CUDA performance of managed array pointers.

I’m drunk right now so I might regret asking a dumb question in the morning.

This question is regarding performance differences between global variables and those passed to kernel functions. It seems that large arrays (2GB) allocated with cudaMallocManaged(…) yield inferior performance to those declared with cudaMalloc(…) in global functions. Is it safe to state that externally declared array pointers will remain at the same place in L2 cache (Pascal) as those passed as function parameters?

Example 1:

uint32_t* bigarray;
__global__ void doSomething(uint32_t* param)
{
    unsigned x = ...;
    uint32_t val = para[x];
    ...
}

void callDoSomething()
{
    //declare dim3s...
    //dim3...
    cudaMalloc(&bigarray,...);
    doSomething<<<...>>>(bigarray);
}

vs

__managed__ __device__ uint32_t* bigarray;

//everything else is the same here. I'm drunk
__global__ void doSomething()
{
    //refer to bigarray instead of param
}

[s]arrays created with cudaMalloc vs cudaMallocManaged may behave differently.

https://devblogs.nvidia.com/maximizing-unified-memory-performance-cuda/

usually performance can be “restored” with proper use of cudaMemPrefetchAsync

The above statements are assuming you are working on a Pascal or later device, and on linux.[/s]

This is on the TX2 (6.2 Pascal). Sorry, I should’ve clarified: I’m using cudaMalloc to allocate the memory that the pointer points to. It appears that declarations of global pointers that have the managed and device modifiers don’t require cudaMalloc to be called specifically for the pointer. e.g., I don’t have to say CHECK(cudaMalloc(&myPointer, sizeof(uint32_t))).

Are you saying that I can use cudaMallocManaged for my array and call cudaMemPrefetchAsync to arrange it so that it’s as fast as it would be if I declared it using cudaMallocManaged? I had been explicitly loading one array and then using cudaMemcpy(…) to load it to another block of memory declared using cudaMalloc because the extra performance matters.

[s]I didn’t know you were on TX2. That changes things. You might want to ask TX2 questions on the TX2 forum.

It should not be necessary to use cudaMemPrefetchAsync with TX2. The items in the article I linked relating to performance don’t apply to the TX2 case.

TX2 cudaMallocManaged allocations have implications for performance with respect to caching behavior however. I’m not sure there is enough posted here for me to go on to say anything further about performance.

However this:

managed device uint32_t* bigarray;

is kind of a silly construct in my opinion.

managed device means a static allocation. The sensible use of it would be (IMO):

managed device uint32_t bigarray[SOME_CONSTANT];

That puts all of that allocation in managed memory.

This:

managed device uint32_t* bigarray;

puts the storage for the pointer itself in managed memory, but who knows what the pointer points to? Whatever it points to is not necessarily a managed allocation.

If you do a cudaMalloc on it, then you have a managed pointer pointing to an unmanaged allocation. Confusing.

If it were me I would do cudaMalloc on an ordinary pointer and pass that to the kernel, which is typical CUDA usage.[/s]

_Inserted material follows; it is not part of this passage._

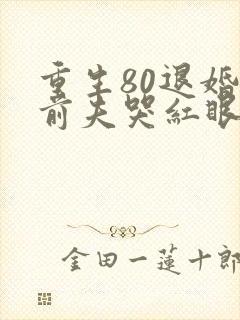 重生80退婚后前夫哭红眼免费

The reason for using that construct, and, correct me if I’m wrong, is so that I can allocate memory on the host and access it within kernel functions without having to deal with changing signatures and calling constructs in every place where they’re called. It seems to work fine for that. The only other way to access the pointers on the host and in the kernel is to declare them locally in the calling function and then pass them as arguments. I’m using pairs of optimized tables (index + data) for large masked operations to prevent needlessly repeating kernel calls that won’t do anything.

Example:

__managed__ __device__ int32_t indexSize;
__managed__ __device__ uint32_t *index;
__managed__ __device__ float *data;

__global__ void computeResults(float *results)
{
    unsigned idx = blockDim.x * blockIdx.x + threadIdx.x;

    if (idx < indexSize)
    {
        unsigned x = index[idx]
        results[x] = degrees(sin(radians(data[idx])));
    }
}

void main()
{ 
    ifstream fd_in(PATH, ios::in | ios::binary);
    if(fd_in)
    {
    ...
    }
    fd_in.read((char*)&indexSize, sizeof(int32_t));
    CHECK(cudaMallocManaged(&index, sizeof(int32_t) * indexSize));
    fd_in.read((char*)index ...);
    CHECK(cudaMallocManaged... &data);
    fd_in.read(...data);
    fd_in.close();
    float *resultData;
    CHECK(cudaMalloc(&resultData, sizeof(float) * BIG_NUMBER));
    computeResults<<<indexSize, 256>>>(resultData);
    SYNC;
    CHECK(cudaMemcpy(...));
}

Responding here was a mistake on my part. Please disregard my comments.